USDA Sugar and Sweeteners Outlook - January 2013USDA Sugar and Sweeteners Outlook - January 2013


USDA Sugar and Sweeteners Outlook

US Sugar January 2013

On January 11, 2013, the U.S. Department of Agriculture (USDA) published in the World Agricultural Supply and Demand Estimates (WASDE) its latest sugar supply and use estimates/projections for the United States and Mexico for fiscal years (FYs) 2012 and 2013.

Besides very minor changes made in USDA’s Sweetener Market Data (SMD) for FY 2012 due to revised processor/refiner reporting, the only significant change was in the forecast of FY 2013 cane sugar production in Louisiana. The production forecast was raised by 150,000 short tons, raw value (STRV) to 1.650 million STRV. Sugar production in other regions is projected the same as last month. The sum of total cane sugar production at 3.870 million STRV and beet sugar production at 5.200 million STRV is 9.070 million STRV. Large beginning stocks of 1.985 million STRV and imports projected at 2.913 million STRV (minimum level tariff-rate quota imports with high shortfall countered by large imports from Mexico) imply record U.S. total sugar supply at 13.967 million STRV.

The USDA projects FY 2013 total sugar use at 11.765 million STRV. Ending stocks for FY 2013 are projected as the difference between projected total supply and total use at 2.203 million STRV. The implied stocks-to-use projection is 18.7 percent.

There were no WASDE changes for Mexico supply and use. Production is forecast at 5.668 million metric tons (mt); deliveries for human consumption at 4.200 million mt; and exports at 1.198 million mt—all except 10,000 mt expected to go to the United States. Ending stocks are projected at 1.0 million mt, implying an ending stocks-to- consumption ratio of 23.8 percent.

Sugar and Sweeteners in the North American Free Trade Area

On January 11, 2013, the U.S. Department of Agriculture (USDA) published in the World Agricultural Supply and Demand Estimates (WASDE) its latest sugar supply and use estimates/projections for the United States and Mexico for fiscal years (FYs) 2012 and 2013.

US Sugar Supply and Use

Along with very minor changes made in USDA’s Sweetener Market Data (SMD) for FY 2012 due to revised processor/refiner reporting, the only significant change was in the forecast of FY 2013 cane sugar production in Louisiana.

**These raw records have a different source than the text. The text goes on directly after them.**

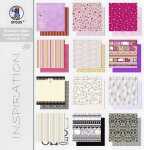 Ursus PREM.GLIT.SCRAPB.PAPER BLOCK 12"x12",VERS.11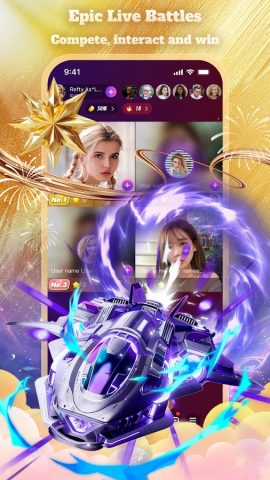 Mango live-Go Live Streaming — скриншот 4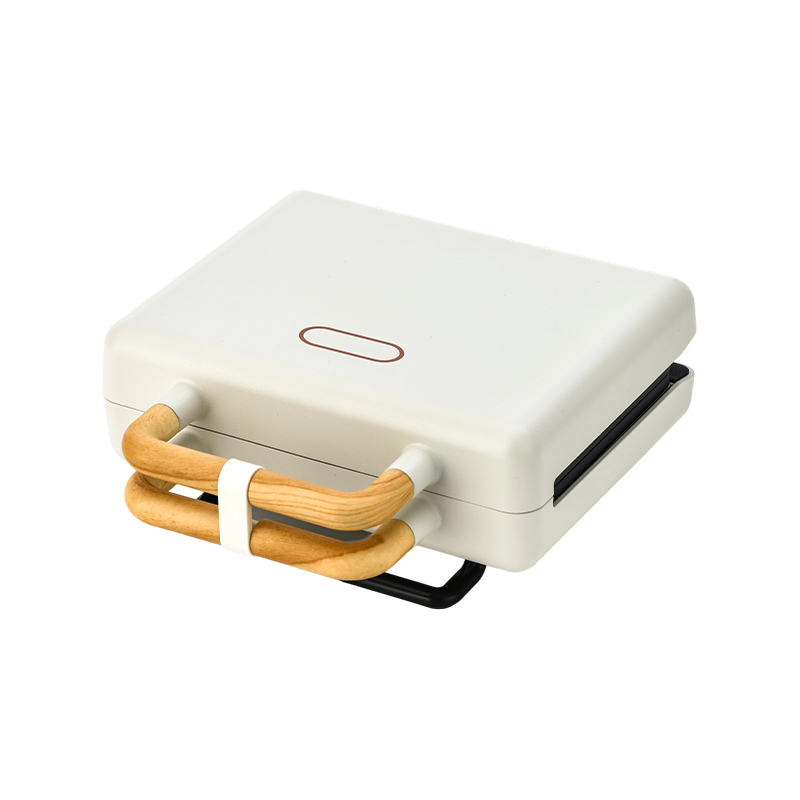 Máy làm bánh quế 2 lát BJX-S003C 800W có đĩa cố định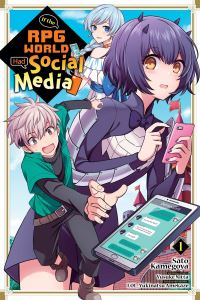Book Cover for If the RPG World Had Social Media. Vol. 1 by Yusuke Nitta, Sato Kamegoya, LOL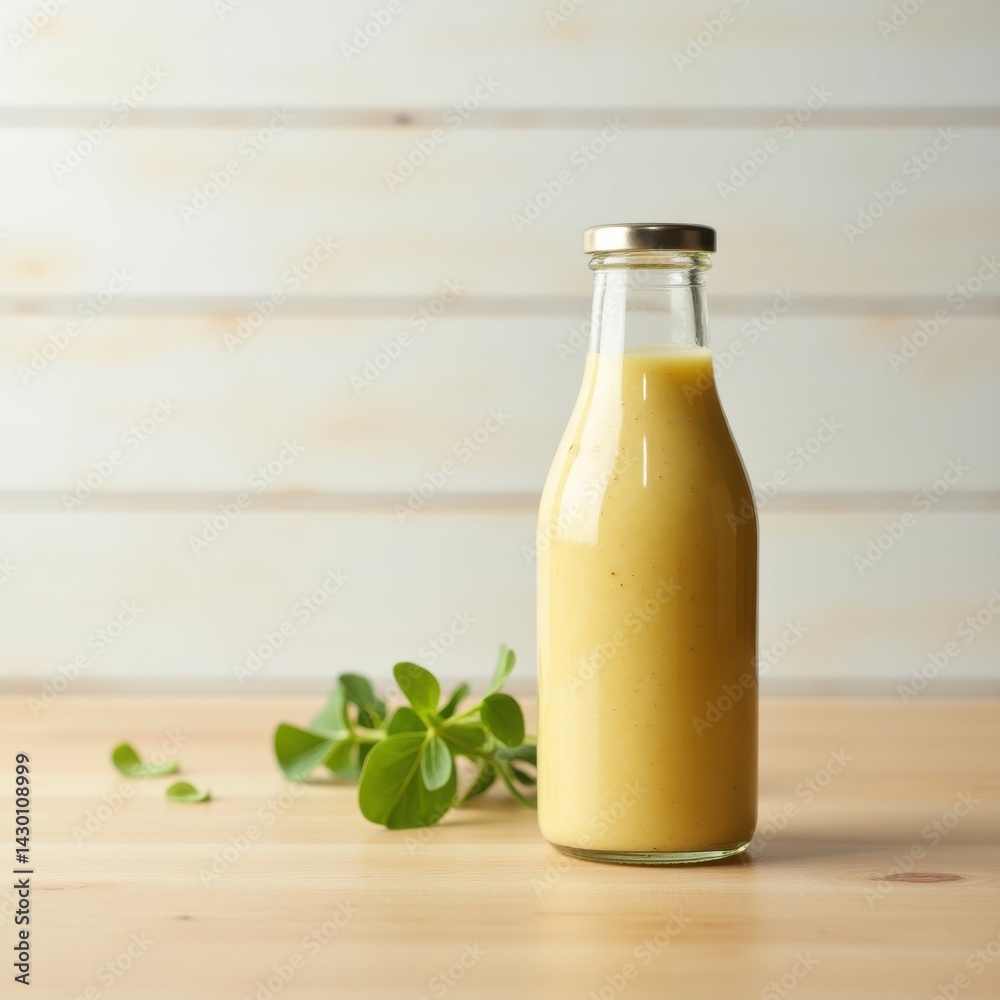 Bottle of Smoothie Bottle of Smoothie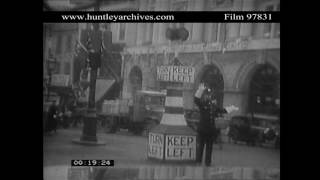 Maidstone High Street 1930s Archive film 97831 [upl. by Schug]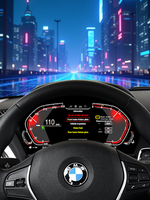 Untuk BMW X1 F48/X2 F39 NBT/EVO Seri 1 F20 F53/Seri 2 F22 Sistem NBT/EVO (2014--2022) Layar LCD Dashboard 11 inci, Elektronik Berkualitas Tinggi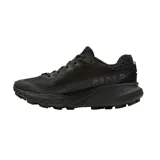 Championes de trail running Merrell Agility Peak 5, color negro, con capellada de malla transpirable y suela Vibram.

The production forecast was raised by 150,000 short tons, raw value (STRV) to 1.650 million STRV. Immediately before publication of the WASDE, sources in Louisiana had placed crop year (September 2012-January 2013) sugar production at slightly above 1.650 million STRV. Because Louisiana sugar production in September typically averages less than the total in September 2012, the USDA set the forecast for this fiscal year at the 1.650 million STRV level. Subsequent to the publication of the WASDE, the same local sources reported crop year production at 1.707 million STRV. The implied sugar yield is a record 4.27 STRV per acre.

The National Agricultural Statistics Service (NASS) estimates the 2012/13 Louisiana sugarcane for sugar crop at 13.2 million tons. Although this total is not a record (14.225 million tons was produced in 1999/2000), the sugarcane yield at 33.0 tons per acre is a record high. According to sources at the American Sugar Cane League, the 2012/13 season was close to ideal. There was large planting in the fall of 2011, implying a greater proportion of the crop from plant cane with higher yields. The 2011/12 winter was mild (no winter freezes killing back the crop) and there were timely rains during the 2012 summer growing season. There were no hurricanes or overly severe weather phenomena that could have damaged the crop. Additionally, there were no early, severe freezes.

Sugar production in other regions is projected the same as last month. The sum of total cane sugar production at 3.870 million STRV and beet sugar production at 5.200 million STRV is 9.070 million STRV. If realized, sugar production this fiscal year would be a record, surpassing the 9.050 million STRV in 1999/2000. Large beginning stocks of 1.985 million STRV and imports projected at 2.913 million STRV (minimum level tariff-rate quota imports with high shortfall countered by large imports from Mexico) imply a record U.S. total sugar supply at 13.967 million STRV.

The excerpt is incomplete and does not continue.